What you need to do - Output the following data exactly.

Data provided -
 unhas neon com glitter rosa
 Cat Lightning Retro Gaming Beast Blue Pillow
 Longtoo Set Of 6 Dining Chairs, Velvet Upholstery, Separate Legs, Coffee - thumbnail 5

Written response -
 unhas neon com glitter rosa
 Cat Lightning Retro Gaming Beast Blue Pillow
 Longtoo Set Of 6 Dining Chairs, Velvet Upholstery, Separate Legs, Coffee - thumbnail 5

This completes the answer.